Pre-processing

These functions perform pre-processing steps on the raw data.

rename_columns

Rename the columns so that they have computer names as defined in the given data dictionary.

Tip

Renaming the columns should always be the first pre-processing step.

Parameters:

Name	Type	Description	Default
`df`	`pandas DataFrame`	The pandas DataFrame.	required
`df_data_dictionary`	`pandas DataFrame`	DataFrame with data dictionary information.
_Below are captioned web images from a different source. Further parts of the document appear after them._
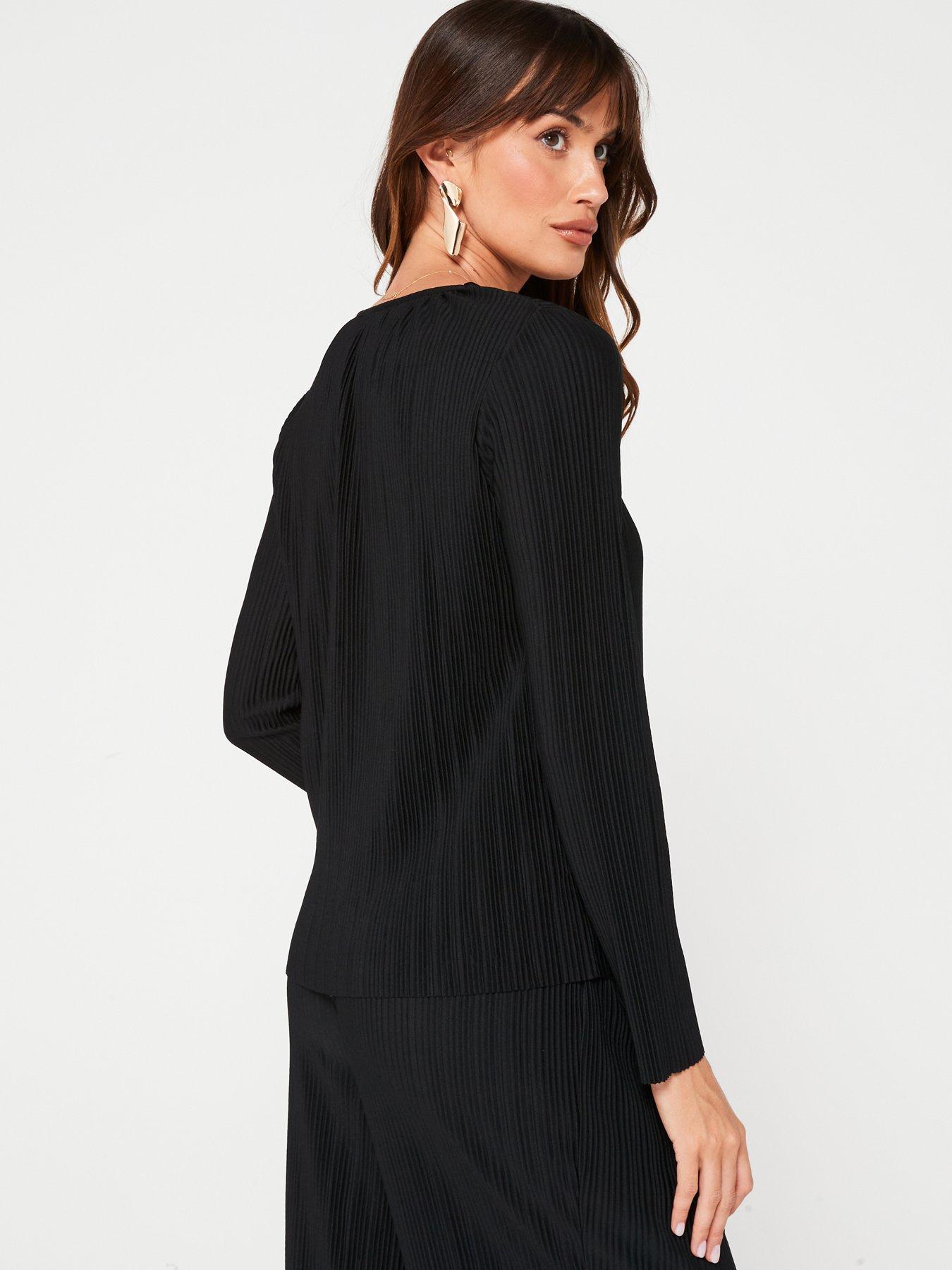 v-by-very-textured-longline-button-up-shirt-co-ord-blackstillFront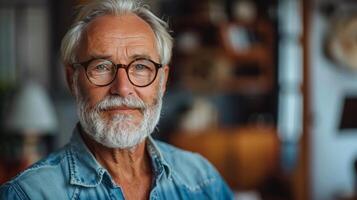 AI generated Bearded Man With Glasses Looking at Camera photo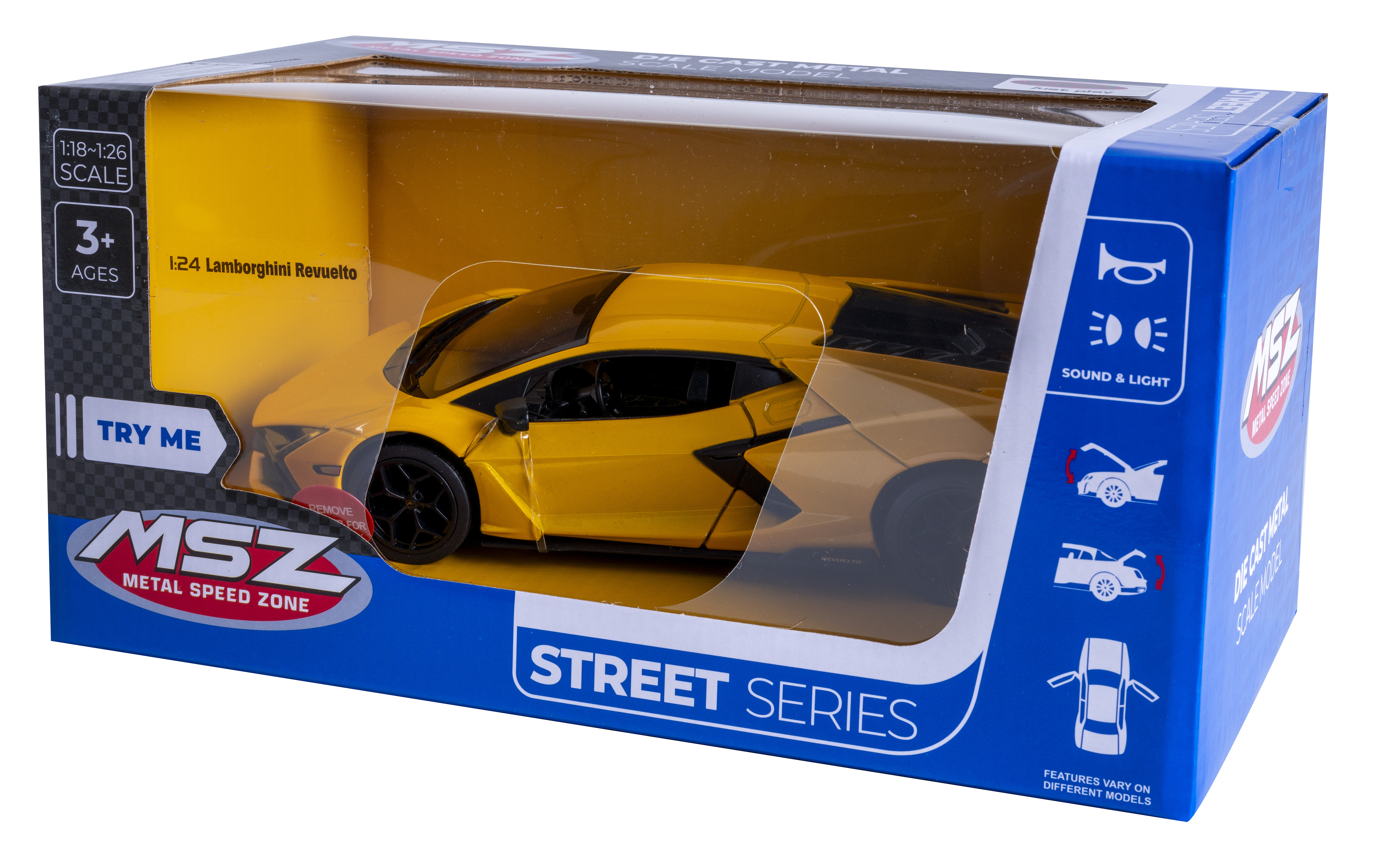 Ein gelbes Lamborghini-Spielzeugauto in einer Box. Die Box ist blau und trägt das Logo 'MSZ' und 'Street Series'.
It should have at least the following columns: `Name` - The original name of the column in the raw data `Computer name` - The computer name defined in the dictionary	required
`verbose`	`bool`	Define if verbose output will be printed (`True`) or not (`False`).	`True`

Returns:

Name	Type	Description
`df_renamed`	`pandas DataFrame`	Same as input `df`, but with the columns renamed according to the data dictionary mapping.

Source code in pycelldyn/preprocessing.py

def rename_columns(df, df_data_dictionary, verbose=True):
    """`rename_columns`

    Rename the columns so that they have computer names as defined
    in the given data dictionary.

    !!! tip
        Renaming the columns should always be the first pre-processing step.

    Parameters
    ----------
    df : pandas DataFrame
        The pandas DataFrame.

    df_data_dictionary : pandas DataFrame
        DataFrame with data dictionary information. It should have
        at least the following columns:

        * `Name` - The original name of the column in the raw data
        * `Computer name` - The computer name defined in the dictionary

    verbose : bool
        Define if verbose output will be printed (`True`) or not (`False`).

    Returns
    -------
    df_renamed : pandas DataFrame
        Same as input `df`, but with the columns renamed according
        to the data dictionary mapping.
    """
    if verbose:
        print("Renaming columns...", flush=True, end='')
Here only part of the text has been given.